A snippet from IPS that I've been meaning to post for the past couple days:

...a new report from the Congressional Budget Office (CBO) contends that the cost of having military personnel provide security services in Iraq might be little different from the prices charged by private security contactors.

The report said that 6-10 billion dollars has been spent on security contactors thus far in 2008 and estimated that about 25,000-30,000 employees of security firms were in Iraq as of early this year. It estimates that, if spending for contractors continues at about the current rate, 100 billion dollars will have been paid to military contractors for operations in Iraq.

The CBO report revealed that about 20 percent of funding for operations in Iraq has gone to contractors. Currently, it said, there are at least 190,000 contractors in Iraq and neighbouring countries -- a ratio of about one contractor per U.S. service member. It noted that the U.S. has relied more heavily on contractors in Iraq than in any other war for functions ranging from food service to guarding diplomats.

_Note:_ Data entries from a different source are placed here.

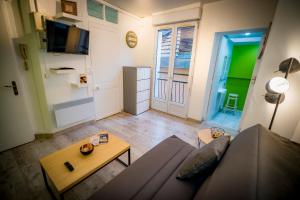 a living room with a couch and a table at Appartement HYPER CENTRE avec WIFI in Troyes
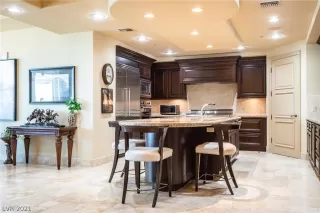 Photo #6: 2336483 Listing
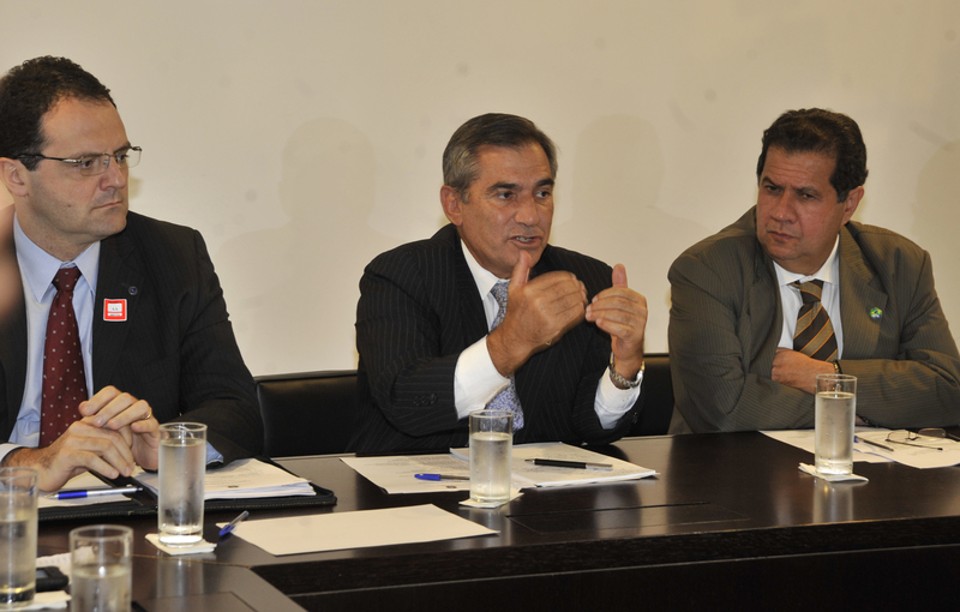 Após reunião com centrais, governo reafirma mínimo de R$ 545 Gilberto Carvalho(centro): regra para o salário mínimo deve garantir reajuste de 6,7% neste ano e de 12,5% em 2012. | José Cruz / ABR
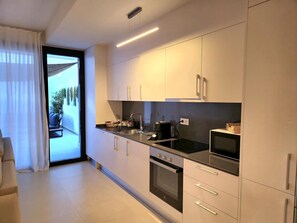 Kühlschrank, Mikrowelle, Ofen, Toaster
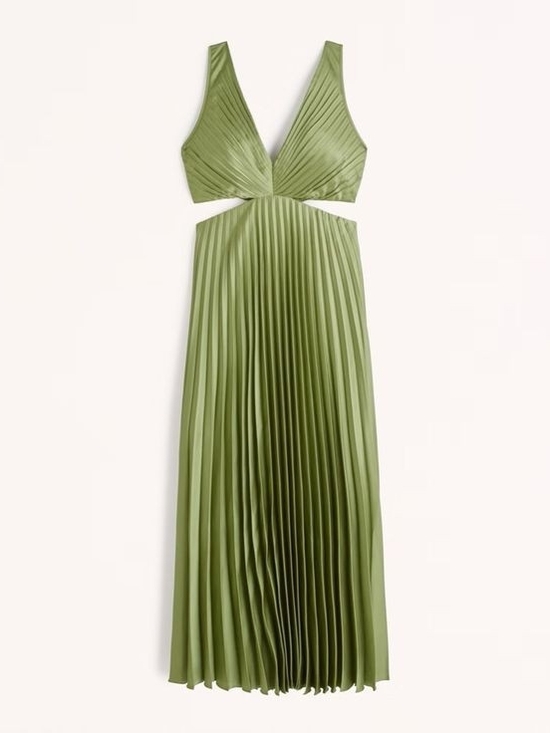 Abercrombie & Fitch Dresses & Skirts - Abercrombie & Fitch Olive Green Pleated V-Neck Maxi Dress NWOT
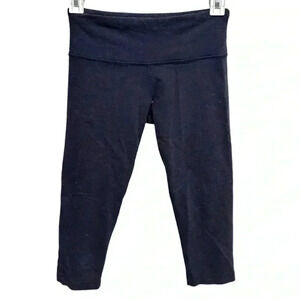 lululemon navy blue cropped capri leggings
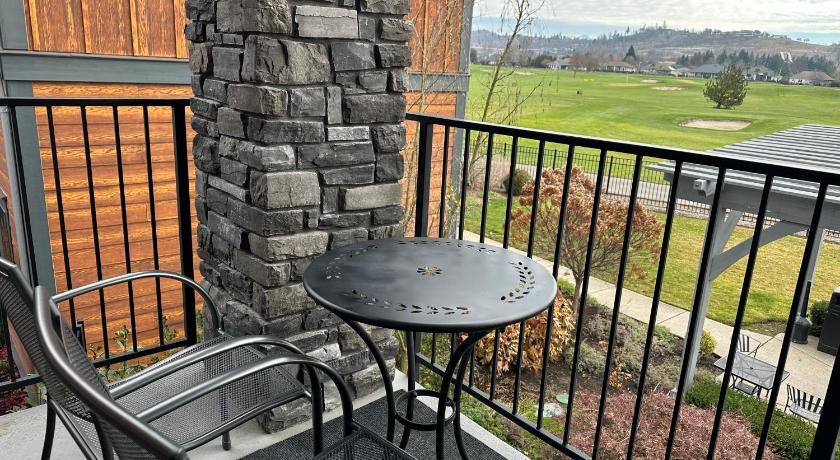화이트 시티 (OR) Resort at Eagle Point Golf Club Lodging 5성급 숙소 레스토랑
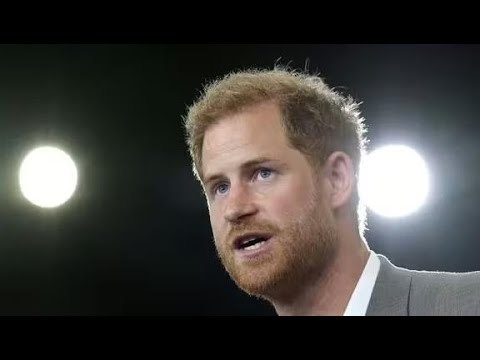 Il principe Harry temeva che Firm sarebbe diventato celebrità nei commenti di ritorno al passato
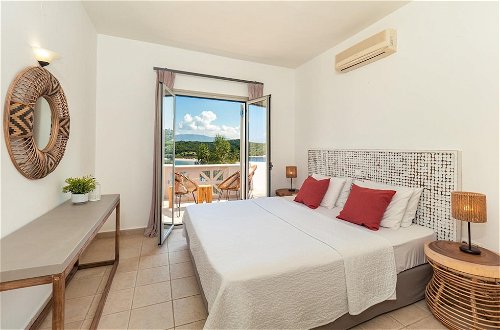 Foto 19 - Villa Eva in Corfu With 3 Bedrooms and 3 Bathrooms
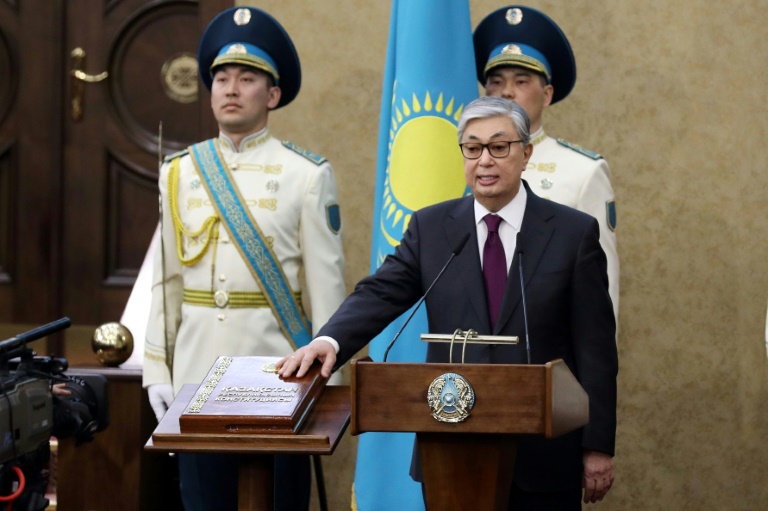 Nuevo presidente de Kazajistán propone llamar Nursultán a la capital del país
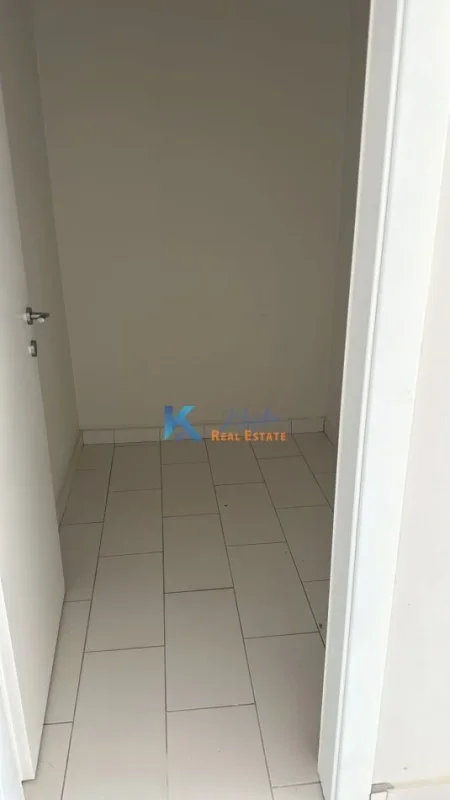 Tirane, jap me qera apartament 1+1+Ballkon Kati 11, 70 m² 400 € (1+1+depo per qira te kompleksi Golden Park)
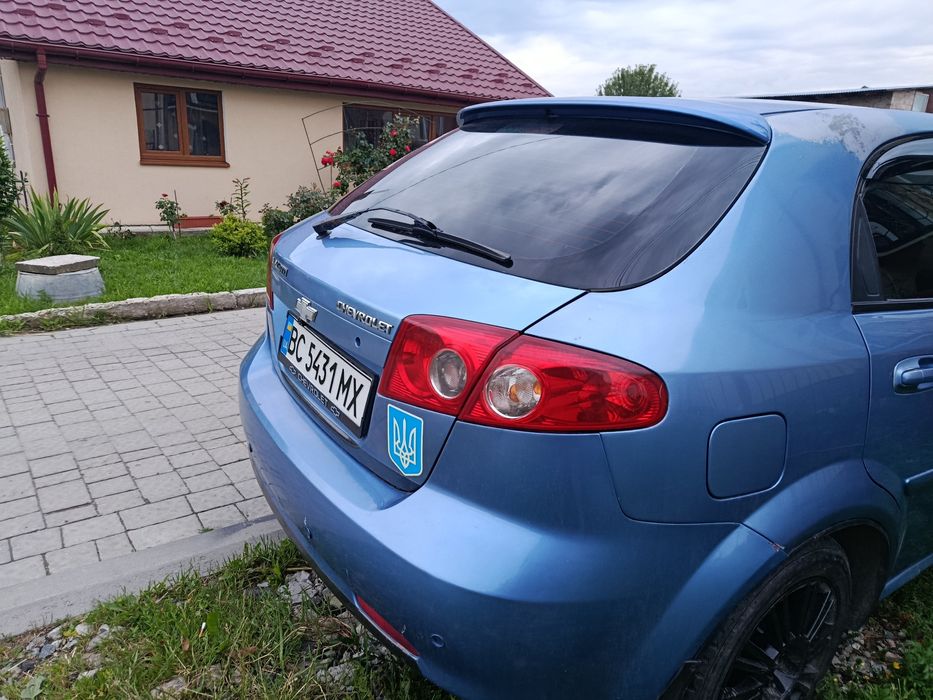 Продам автомобіль Шевроле лачеті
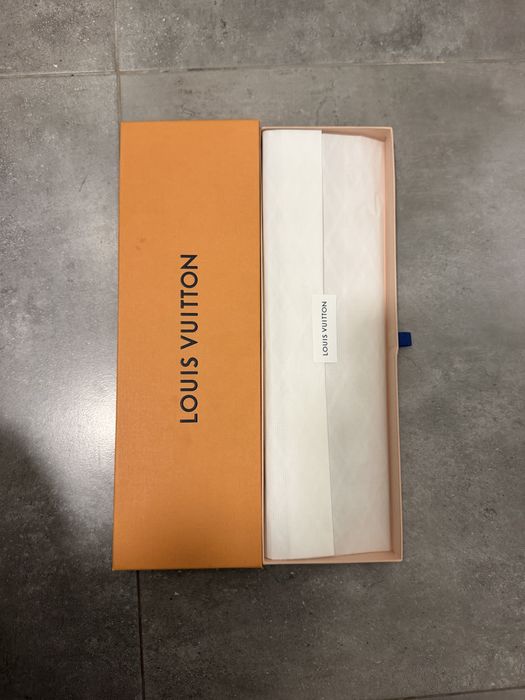 Louis Vuitton вратовръзка НОВА
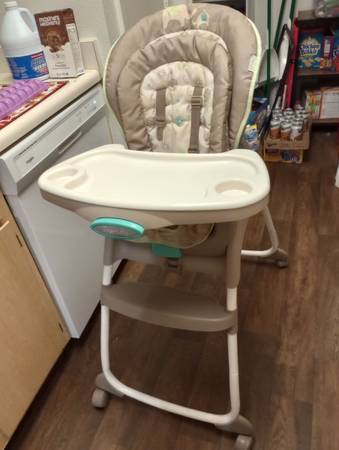 Ingenuity Trio 3 in 1 Deluxe High Chair Ingenuity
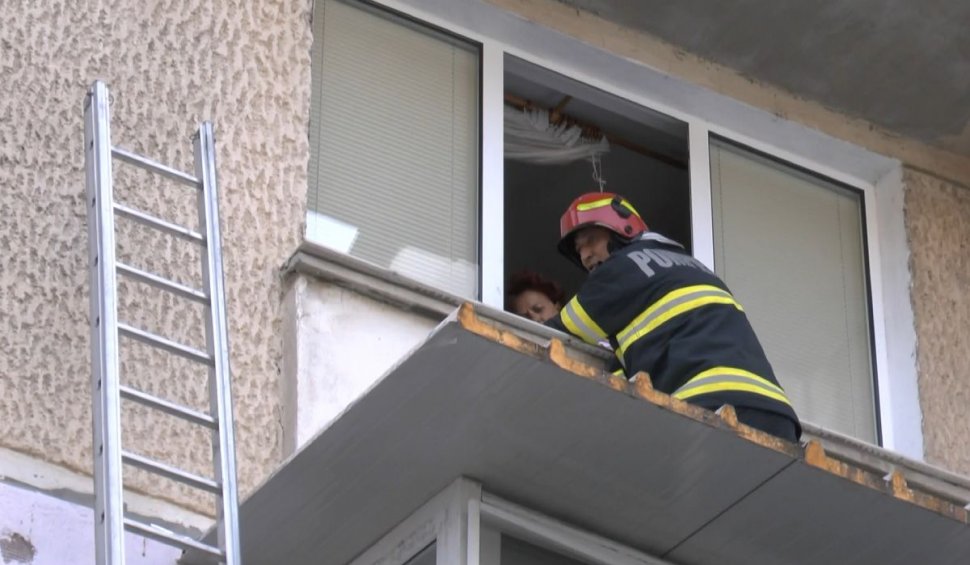 O bătrână din Piatra Neamţ i-a interzis unui pompier să îi intre în casă, pe geam, după ce a salvat-o când a rămas blocată în timp ce ştergea geamurile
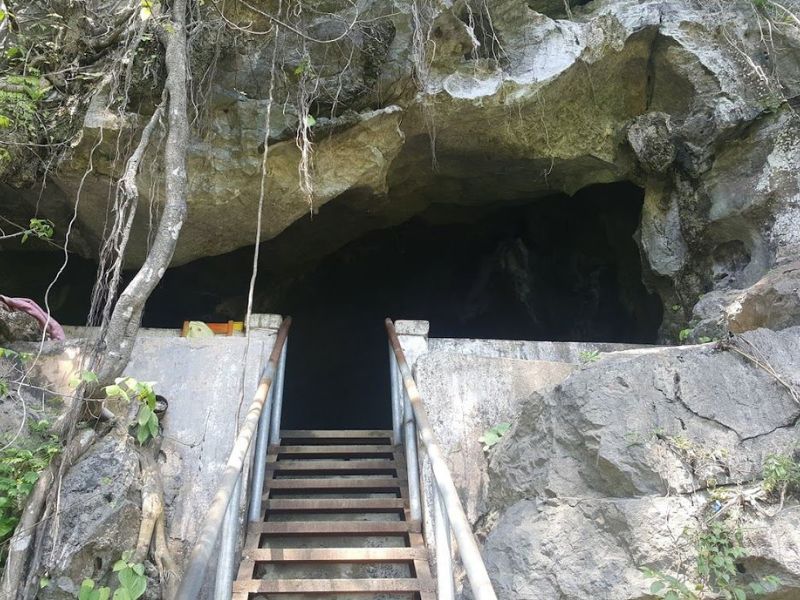 Tham quan hang Quân Y Cát Bà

Updates here have been few and far between, for a couple reasons. First, I have been more concerned with developing The New Texas Radical as a print publication, which is takes a lot of time. I've aslo been posting to the TNTR website rather than this one, since it enjoys wider readership and is more important than this site.

Second, I've been increasingly involved with the effort to save Jeff Wood, who is set to be executed this Thursday under Texas' Law of Parties, even though there is a consensus that he is factually innocent of murder. For more information, please visit either the Save Jeff Wood website or The New Texas Radical, which both provide background on Jeff's case.

If you subscribe to this website using a syndication service through LJ, etc., check out the TNTR website for syndication options as well. If you'll read what I post here, you might as well read what I post there as well.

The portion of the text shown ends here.